Look through the records below for the line with "IOC president says" and the line with "2023 Lexus GX 460 Luxury", then return those lines and all lines between, exactly.
- - - - -
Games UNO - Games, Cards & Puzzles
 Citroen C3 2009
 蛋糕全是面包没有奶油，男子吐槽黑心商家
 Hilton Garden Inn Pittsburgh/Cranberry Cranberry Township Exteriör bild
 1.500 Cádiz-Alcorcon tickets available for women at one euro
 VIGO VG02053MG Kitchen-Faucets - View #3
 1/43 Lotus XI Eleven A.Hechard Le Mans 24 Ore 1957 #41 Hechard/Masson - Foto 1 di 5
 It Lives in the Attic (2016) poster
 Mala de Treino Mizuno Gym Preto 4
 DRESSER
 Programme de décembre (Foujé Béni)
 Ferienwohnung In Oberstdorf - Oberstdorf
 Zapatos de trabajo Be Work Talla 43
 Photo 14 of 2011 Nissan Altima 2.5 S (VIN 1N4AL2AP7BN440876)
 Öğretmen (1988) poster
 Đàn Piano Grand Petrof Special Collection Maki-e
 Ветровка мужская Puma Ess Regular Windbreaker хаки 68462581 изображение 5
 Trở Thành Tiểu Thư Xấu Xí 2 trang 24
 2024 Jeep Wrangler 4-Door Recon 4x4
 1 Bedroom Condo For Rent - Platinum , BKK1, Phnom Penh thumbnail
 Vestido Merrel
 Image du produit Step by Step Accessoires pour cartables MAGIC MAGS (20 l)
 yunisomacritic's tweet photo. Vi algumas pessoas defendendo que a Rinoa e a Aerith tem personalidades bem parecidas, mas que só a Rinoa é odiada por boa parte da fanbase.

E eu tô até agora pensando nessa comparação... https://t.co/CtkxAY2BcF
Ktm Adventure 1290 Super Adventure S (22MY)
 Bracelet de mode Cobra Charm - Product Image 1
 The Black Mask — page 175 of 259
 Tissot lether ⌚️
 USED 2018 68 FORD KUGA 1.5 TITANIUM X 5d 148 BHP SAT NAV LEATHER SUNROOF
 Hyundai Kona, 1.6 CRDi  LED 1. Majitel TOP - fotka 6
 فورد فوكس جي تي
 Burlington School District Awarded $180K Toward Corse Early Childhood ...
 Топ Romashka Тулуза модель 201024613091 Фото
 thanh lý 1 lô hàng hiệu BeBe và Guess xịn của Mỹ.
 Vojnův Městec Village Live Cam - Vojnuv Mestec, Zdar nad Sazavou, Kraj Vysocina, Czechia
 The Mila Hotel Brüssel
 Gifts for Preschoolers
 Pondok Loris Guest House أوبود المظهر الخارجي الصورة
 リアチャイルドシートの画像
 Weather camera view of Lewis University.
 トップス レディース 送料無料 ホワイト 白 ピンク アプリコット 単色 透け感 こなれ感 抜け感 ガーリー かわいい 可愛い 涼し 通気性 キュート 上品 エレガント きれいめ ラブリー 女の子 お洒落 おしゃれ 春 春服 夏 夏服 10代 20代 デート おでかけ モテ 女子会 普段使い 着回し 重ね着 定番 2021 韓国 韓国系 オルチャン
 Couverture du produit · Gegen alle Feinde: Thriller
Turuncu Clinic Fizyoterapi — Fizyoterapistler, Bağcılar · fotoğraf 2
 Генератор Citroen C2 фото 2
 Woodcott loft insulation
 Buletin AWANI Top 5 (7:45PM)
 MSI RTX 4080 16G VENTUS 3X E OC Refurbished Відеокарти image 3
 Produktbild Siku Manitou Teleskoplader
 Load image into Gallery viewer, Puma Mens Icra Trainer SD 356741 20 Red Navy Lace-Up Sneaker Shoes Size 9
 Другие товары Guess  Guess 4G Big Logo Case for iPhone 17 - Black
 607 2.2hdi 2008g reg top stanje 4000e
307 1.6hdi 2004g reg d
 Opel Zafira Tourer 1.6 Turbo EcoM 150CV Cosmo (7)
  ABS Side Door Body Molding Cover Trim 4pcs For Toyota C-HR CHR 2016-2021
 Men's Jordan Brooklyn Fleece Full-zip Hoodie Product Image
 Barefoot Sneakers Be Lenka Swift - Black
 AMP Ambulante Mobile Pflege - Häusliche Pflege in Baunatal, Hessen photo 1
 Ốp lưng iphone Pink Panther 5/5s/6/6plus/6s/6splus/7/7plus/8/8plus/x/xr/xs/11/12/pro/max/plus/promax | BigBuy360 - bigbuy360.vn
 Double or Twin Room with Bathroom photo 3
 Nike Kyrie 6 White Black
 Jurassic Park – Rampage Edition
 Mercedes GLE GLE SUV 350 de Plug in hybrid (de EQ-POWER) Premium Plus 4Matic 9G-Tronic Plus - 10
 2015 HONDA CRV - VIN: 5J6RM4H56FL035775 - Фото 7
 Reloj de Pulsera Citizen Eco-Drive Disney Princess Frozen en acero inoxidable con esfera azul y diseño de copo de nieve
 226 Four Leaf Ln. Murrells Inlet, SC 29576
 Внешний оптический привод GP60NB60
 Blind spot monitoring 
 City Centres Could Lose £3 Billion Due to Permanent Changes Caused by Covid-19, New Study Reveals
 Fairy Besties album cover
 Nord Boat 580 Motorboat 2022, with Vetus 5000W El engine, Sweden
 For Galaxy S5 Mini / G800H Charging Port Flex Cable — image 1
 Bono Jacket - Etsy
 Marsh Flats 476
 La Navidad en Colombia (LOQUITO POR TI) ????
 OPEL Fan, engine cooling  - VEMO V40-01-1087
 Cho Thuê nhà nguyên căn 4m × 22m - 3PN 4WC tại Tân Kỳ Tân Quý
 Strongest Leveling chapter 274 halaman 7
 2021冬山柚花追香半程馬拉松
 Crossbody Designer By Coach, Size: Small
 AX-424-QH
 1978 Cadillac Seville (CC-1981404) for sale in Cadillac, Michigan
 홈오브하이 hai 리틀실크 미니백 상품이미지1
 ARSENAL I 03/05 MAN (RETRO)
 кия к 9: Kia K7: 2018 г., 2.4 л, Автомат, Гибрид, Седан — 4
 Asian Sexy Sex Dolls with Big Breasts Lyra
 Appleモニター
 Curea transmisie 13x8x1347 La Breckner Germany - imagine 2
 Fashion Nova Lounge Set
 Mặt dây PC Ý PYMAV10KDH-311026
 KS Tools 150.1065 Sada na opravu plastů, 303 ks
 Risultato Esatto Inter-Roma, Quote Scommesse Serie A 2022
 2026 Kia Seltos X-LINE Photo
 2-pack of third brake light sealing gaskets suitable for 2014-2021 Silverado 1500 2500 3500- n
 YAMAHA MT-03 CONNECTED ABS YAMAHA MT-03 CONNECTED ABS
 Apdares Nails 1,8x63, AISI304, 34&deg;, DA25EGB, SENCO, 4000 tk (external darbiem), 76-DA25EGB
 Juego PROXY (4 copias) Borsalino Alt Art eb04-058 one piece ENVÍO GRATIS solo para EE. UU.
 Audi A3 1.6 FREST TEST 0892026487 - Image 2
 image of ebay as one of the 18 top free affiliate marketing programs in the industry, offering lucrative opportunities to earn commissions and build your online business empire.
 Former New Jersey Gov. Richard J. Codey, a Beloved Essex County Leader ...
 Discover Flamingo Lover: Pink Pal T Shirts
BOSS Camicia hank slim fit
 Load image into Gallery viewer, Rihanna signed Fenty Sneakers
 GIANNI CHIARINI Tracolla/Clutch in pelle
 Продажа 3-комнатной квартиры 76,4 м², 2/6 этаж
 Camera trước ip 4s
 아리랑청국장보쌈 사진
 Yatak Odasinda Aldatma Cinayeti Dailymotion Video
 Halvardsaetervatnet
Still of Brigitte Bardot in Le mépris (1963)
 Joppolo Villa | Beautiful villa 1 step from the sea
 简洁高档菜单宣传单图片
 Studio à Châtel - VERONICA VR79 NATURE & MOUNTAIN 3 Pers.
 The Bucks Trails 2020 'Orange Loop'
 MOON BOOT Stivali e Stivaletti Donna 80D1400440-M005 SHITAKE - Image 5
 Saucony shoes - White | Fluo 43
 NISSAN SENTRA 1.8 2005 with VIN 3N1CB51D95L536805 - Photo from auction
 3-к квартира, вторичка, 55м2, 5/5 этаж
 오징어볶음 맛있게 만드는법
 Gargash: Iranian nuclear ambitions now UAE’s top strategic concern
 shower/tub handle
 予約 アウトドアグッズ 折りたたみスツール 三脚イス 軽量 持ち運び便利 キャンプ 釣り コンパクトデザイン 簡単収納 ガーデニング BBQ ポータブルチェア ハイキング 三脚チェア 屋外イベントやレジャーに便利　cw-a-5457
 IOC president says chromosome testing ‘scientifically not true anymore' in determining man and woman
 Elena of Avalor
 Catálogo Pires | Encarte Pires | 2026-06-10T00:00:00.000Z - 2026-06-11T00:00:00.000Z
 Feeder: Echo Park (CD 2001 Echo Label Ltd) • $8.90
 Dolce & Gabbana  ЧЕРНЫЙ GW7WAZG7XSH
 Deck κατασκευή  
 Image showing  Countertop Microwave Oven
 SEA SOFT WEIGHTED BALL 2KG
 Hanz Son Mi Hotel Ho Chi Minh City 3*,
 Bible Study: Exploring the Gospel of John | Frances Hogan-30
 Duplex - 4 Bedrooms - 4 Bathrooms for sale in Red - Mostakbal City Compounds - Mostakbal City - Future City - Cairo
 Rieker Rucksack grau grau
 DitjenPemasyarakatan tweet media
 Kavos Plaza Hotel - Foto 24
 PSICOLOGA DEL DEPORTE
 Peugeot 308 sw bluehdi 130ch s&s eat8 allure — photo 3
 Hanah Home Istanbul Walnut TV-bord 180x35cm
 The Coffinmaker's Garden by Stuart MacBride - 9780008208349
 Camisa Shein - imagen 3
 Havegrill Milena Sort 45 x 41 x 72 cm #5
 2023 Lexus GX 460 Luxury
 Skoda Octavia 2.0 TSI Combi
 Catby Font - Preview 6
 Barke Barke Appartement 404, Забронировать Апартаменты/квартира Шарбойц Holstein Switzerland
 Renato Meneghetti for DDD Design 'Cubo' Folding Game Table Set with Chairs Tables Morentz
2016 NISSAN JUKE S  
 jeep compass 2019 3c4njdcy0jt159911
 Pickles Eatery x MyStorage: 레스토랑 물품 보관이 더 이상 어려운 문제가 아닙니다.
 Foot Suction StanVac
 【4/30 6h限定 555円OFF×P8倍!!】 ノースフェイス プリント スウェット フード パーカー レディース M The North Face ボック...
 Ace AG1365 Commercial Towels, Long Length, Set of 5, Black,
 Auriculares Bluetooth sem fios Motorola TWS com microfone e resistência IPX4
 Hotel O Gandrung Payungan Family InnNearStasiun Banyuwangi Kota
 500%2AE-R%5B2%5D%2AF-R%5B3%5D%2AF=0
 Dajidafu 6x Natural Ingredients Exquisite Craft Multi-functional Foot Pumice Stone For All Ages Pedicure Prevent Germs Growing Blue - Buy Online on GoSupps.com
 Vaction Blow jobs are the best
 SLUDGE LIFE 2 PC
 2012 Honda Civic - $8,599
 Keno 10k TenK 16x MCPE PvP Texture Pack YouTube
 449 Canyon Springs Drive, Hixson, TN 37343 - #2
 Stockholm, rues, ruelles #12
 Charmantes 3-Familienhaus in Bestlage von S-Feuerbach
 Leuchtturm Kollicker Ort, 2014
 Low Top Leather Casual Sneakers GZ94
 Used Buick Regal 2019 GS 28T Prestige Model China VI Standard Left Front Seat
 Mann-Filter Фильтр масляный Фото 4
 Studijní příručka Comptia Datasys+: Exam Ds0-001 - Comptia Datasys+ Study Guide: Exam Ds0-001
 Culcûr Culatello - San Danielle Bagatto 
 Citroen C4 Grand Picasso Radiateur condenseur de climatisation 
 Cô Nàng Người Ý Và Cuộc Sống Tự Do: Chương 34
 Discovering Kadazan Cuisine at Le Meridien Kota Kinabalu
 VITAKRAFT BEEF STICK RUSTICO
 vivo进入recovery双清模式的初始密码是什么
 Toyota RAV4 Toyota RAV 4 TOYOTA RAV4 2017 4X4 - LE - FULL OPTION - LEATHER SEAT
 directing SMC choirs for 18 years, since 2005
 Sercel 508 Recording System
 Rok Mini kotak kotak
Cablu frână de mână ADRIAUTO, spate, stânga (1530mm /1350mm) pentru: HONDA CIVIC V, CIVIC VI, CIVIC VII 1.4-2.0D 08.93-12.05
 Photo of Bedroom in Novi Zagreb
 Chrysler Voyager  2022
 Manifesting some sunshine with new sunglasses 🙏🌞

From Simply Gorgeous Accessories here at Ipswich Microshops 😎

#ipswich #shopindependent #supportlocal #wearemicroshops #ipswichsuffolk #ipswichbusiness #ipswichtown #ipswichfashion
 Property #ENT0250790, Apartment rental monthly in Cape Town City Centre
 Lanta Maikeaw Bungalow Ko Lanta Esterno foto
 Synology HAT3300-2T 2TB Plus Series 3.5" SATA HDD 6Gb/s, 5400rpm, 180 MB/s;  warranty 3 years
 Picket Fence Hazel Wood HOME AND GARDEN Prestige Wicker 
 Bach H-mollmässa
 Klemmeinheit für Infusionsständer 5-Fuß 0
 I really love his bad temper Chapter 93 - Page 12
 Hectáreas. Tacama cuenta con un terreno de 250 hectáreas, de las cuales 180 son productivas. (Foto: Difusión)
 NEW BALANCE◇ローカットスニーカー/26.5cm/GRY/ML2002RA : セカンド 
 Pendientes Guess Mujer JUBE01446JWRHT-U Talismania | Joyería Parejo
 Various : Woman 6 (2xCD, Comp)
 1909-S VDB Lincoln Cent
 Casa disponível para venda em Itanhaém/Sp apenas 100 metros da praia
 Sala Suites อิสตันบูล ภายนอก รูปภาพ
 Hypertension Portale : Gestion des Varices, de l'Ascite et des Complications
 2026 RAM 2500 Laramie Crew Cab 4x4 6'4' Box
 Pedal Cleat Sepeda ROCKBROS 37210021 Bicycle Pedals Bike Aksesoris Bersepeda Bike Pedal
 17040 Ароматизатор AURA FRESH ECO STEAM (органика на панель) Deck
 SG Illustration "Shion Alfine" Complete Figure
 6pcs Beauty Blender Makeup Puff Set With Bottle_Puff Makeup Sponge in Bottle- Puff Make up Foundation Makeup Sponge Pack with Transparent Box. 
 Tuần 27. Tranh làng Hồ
- - - - -
__Reply__.
 IOC president says chromosome testing ‘scientifically not true anymore' in determining man and woman
 Elena of Avalor
 Catálogo Pires | Encarte Pires | 2026-06-10T00:00:00.000Z - 2026-06-11T00:00:00.000Z
 Feeder: Echo Park (CD 2001 Echo Label Ltd) • $8.90
 Dolce & Gabbana  ЧЕРНЫЙ GW7WAZG7XSH
 Deck κατασκευή  
 Image showing  Countertop Microwave Oven
 SEA SOFT WEIGHTED BALL 2KG
 Hanz Son Mi Hotel Ho Chi Minh City 3*,
 Bible Study: Exploring the Gospel of John | Frances Hogan-30
 Duplex - 4 Bedrooms - 4 Bathrooms for sale in Red - Mostakbal City Compounds - Mostakbal City - Future City - Cairo
 Rieker Rucksack grau grau
 DitjenPemasyarakatan tweet media
 Kavos Plaza Hotel - Foto 24
 PSICOLOGA DEL DEPORTE
 Peugeot 308 sw bluehdi 130ch s&s eat8 allure — photo 3
 Hanah Home Istanbul Walnut TV-bord 180x35cm
 The Coffinmaker's Garden by Stuart MacBride - 9780008208349
 Camisa Shein - imagen 3
 Havegrill Milena Sort 45 x 41 x 72 cm #5
 2023 Lexus GX 460 Luxury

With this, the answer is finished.